# Mixed PDF Page Extractor: Text + Tables + Bar Charts

This notebook segments a PDF page into **text**, **table**, and **bar-chart** regions and extracts key info from each.

### What you'll get
- **Text regions** → TXT files
- **Table regions** → CSV files
- **Bar chart regions** → numeric CSV + recreated chart PNG
- **(Optional) PPTX** summarizing the outputs

### Strategies
1. **Vector-first** (recommended):
   - Use `pdfplumber`/`PyMuPDF` to get page objects, words, images, and lines.
   - Detect **tables** with Camelot (lattice/stream) or `pdfplumber` table parser.
   - Detect **figures/charts** via `page.images`/non-text vector regions; pass suspected charts to the bar-digitizer.
2. **Vision-first** (fallback):
   - Convert page → image, run OpenCV:
     - **Tables**: detect gridlines (Hough/erosion) and cells → export to CSV.
     - **Bar-charts**: find vertical bars and map pixel heights → values.
     - **Text**: OCR within non-table/non-chart regions.

You can run either or both, depending on your document.


## 0) Install packages (run locally if missing)
Uncomment the cell below and install packages in your local environment.

In [None]:
# %%bash
# pip install --upgrade pip
# pip install pymupdf pdfplumber camelot-py tabula-py opencv-python pytesseract pdf2image pandas numpy matplotlib python-pptx
#
# # OS dependencies:
# # macOS: brew install tesseract ghostscript
# # Ubuntu/Debian: sudo apt-get update && sudo apt-get install -y tesseract-ocr poppler-utils ghostscript default-jre


## 1) Set inputs and output directory
- Provide the PDF path, page index, and an output directory.
- Choose DPI for rasterization.


In [None]:
from pathlib import Path

PDF_PATH = Path('your_file.pdf')   # <-- change this to your PDF
PAGE_INDEX = 0                     # 0-based page index
OUT_DIR = Path('mixed_pdf_output')
DPI = 400

OUT_DIR.mkdir(parents=True, exist_ok=True)
print('PDF:', PDF_PATH.resolve())
print('Page:', PAGE_INDEX+1)
print('OUT_DIR:', OUT_DIR.resolve())


## 2) Convert the target page to an image (for Vision-first path)
Uses PyMuPDF (`fitz`) if available, otherwise pdf2image.

In [None]:
import importlib
def page_to_image(pdf_path, page_index, out_dir, dpi=400):
    if importlib.util.find_spec('fitz') is not None:
        import fitz
        doc = fitz.open(pdf_path)
        page = doc[page_index]
        mat = fitz.Matrix(dpi/72, dpi/72)
        pix = page.get_pixmap(matrix=mat, alpha=False)
        out = out_dir / f'page_{page_index+1:03d}.png'
        pix.save(out.as_posix())
        return out
    elif importlib.util.find_spec('pdf2image') is not None:
        from pdf2image import convert_from_path
        imgs = convert_from_path(pdf_path, dpi=dpi, first_page=page_index+1, last_page=page_index+1)
        out = out_dir / f'page_{page_index+1:03d}.png'
        imgs[0].save(out)
        return out
    else:
        raise RuntimeError('Install PyMuPDF or pdf2image to rasterize PDF pages.')

PAGE_IMG = page_to_image(PDF_PATH, PAGE_INDEX, OUT_DIR, dpi=DPI)
PAGE_IMG

## 3A) Vector-first segmentation (objects from pdfplumber)
We try to identify **tables**, **images (figures/charts)**, and text regions directly from the PDF.
- Tables: try `camelot` (lattice/stream) on the page.
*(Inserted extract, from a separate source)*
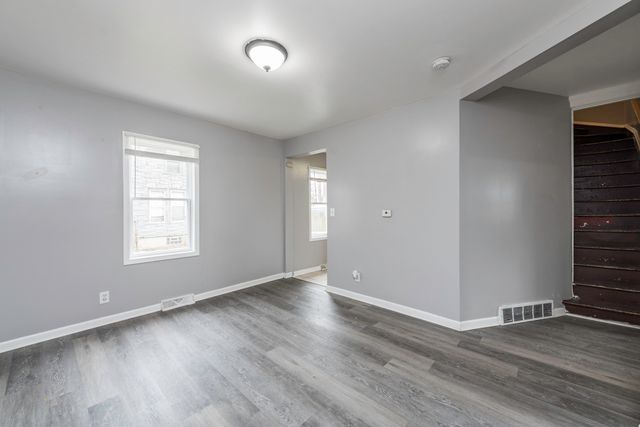 205 S Park Avenue, Waukegan, IL 60085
If not available or fails, try `pdfplumber` tables.
- Figures/charts: `page.images` + non-text vector regions.
- Text: `page.extract_words()` grouped into blocks.
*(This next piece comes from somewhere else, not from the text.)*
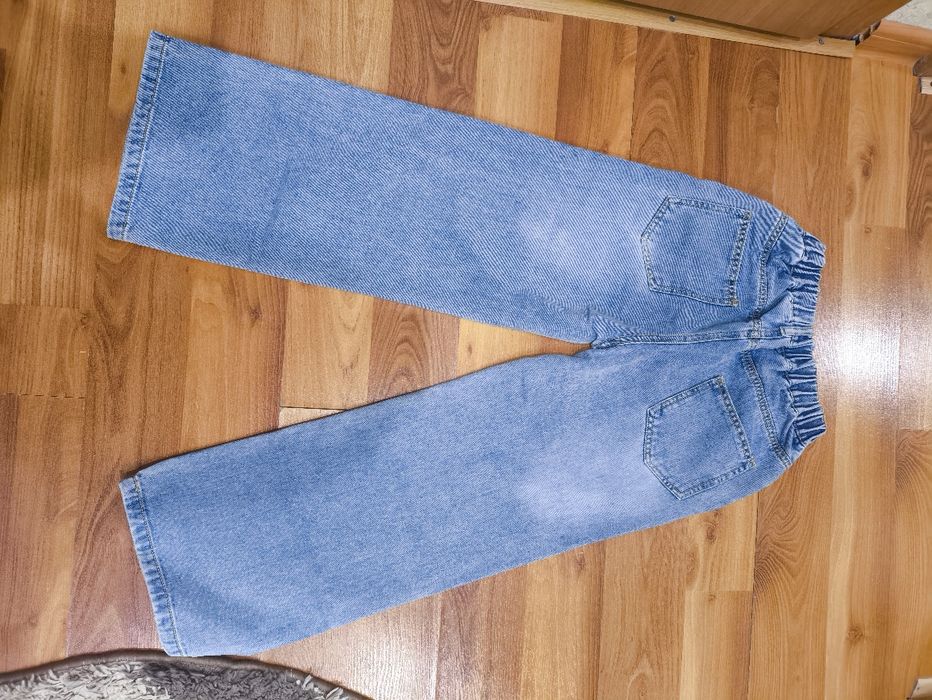 Продам джинсы новые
This section saves candidate regions with bounding boxes for further processing.


In [None]:
import importlib, json
from dataclasses import dataclass

@dataclass
class Region:
    kind: str  # 'text' | 'table' | 'figure'
    bbox: tuple  # (x0,y0,x1,y1) in PDF coordinate space
    meta: dict

regions = []

if importlib.util.find_spec('pdfplumber') is None:
    print('pdfplumber not installed, skipping vector-first. Install to enable.')
else:
    import pdfplumber
    with pdfplumber.open(PDF_PATH) as pdf:
        page = pdf.pages[PAGE_INDEX]
        # 1) Candidate figures from embedded images
        for im in page.images:
            bbox = (im['x0'], im['top'], im['x1'], im['bottom'])
            regions.append(Region('figure', bbox, {'source': 'image'}))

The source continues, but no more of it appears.